Columnar stores like ClickHouse enable users to pull insights from big data in seconds, but only if you set things up correctly. This talk will walk through how to implement a data warehouse that contains 1.3 billion rows using the famous NY Yellow Cab ride data. We'll start with basic data implementation including clustering and table definitions, then show how to load efficiently. Next we'll discuss important features like dictionaries and materialized views, and how they improve query efficiency. We'll end by demonstrating typical queries to illustrate the kind of inferences you can draw rapidly from a well-designed data warehouse. It should be enough to get you started--the next billion rows is up to you!
Alexander Zaitsev is a co-founder and CTO of Altinity. He has been involved in software development, alongside academic research, since 1997. Alexander's interests include distributed architecture, databases and analytics. His focus is on building analytics solutions using database management systems capable of processing petabytes of data, such as Vertica and ClickHouse. Alexander has a Master's degree in mathematics and computer science from Lomonosov Moscow State University.

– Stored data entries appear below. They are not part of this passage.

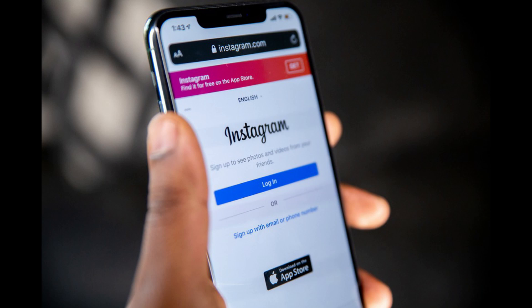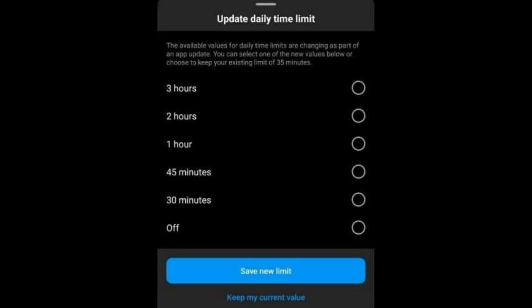According to the document, Instagram is alerting clients with pop-ups that appear at the top of their feeds following the fresh program update, prompting them to update the daily time restriction option.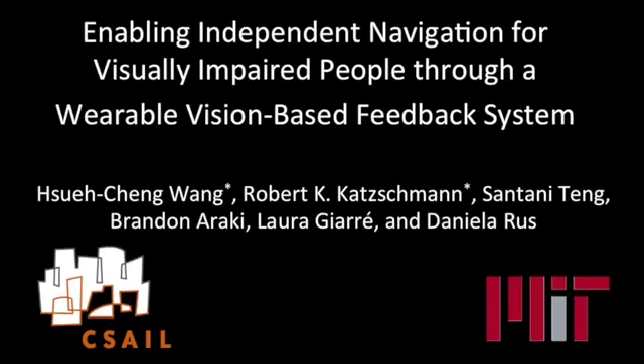Enabling independent navigation for visually impaired people through a wearable, vision-based feedback system. By Xuecheng Wang, Robert Katschman, Santani Teng, Brandon Araki, Laura Giare, and Daniela Rus.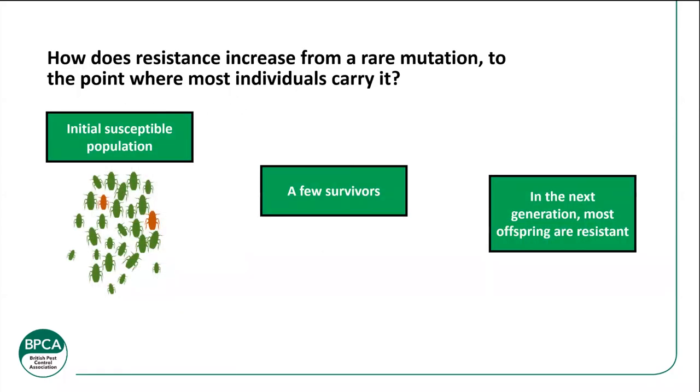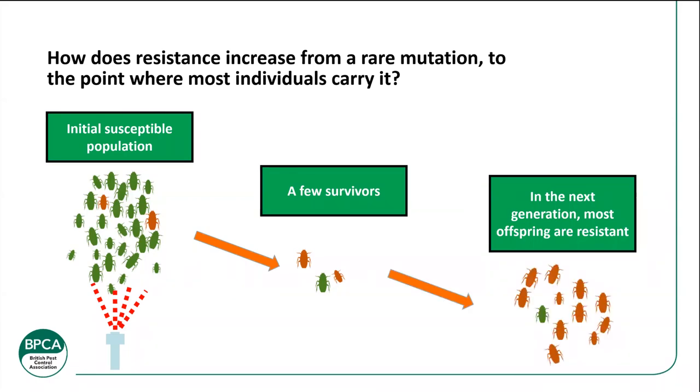How resistance develops: after treatment you may be left with a few survivors — resistant individuals. On the follow-up, those survivors have bred and there are more insects. When you treat again with the same insecticide, because the mutation has been passed through generations, it won't work. This is where you need to rotate insecticides to prevent resistance becoming a problem. When you get good at spotting the signs early it helps get on top of infestations much quicker.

Robert Hodges is currently CEO of Altinity, which offers software and services for the ClickHouse data warehouse. His experience in databases dates includes relational database work at Sybase, developing SaaS applications on Oracle, and over 10 years working on replication and clustering products for MySQL. He was CEO of Continuent, Inc., when it was acquired by VMware in 2014. After 4 years working on multi-tenant cloud services, disaster recovery, and security he returned to data management at Altinity in 2019.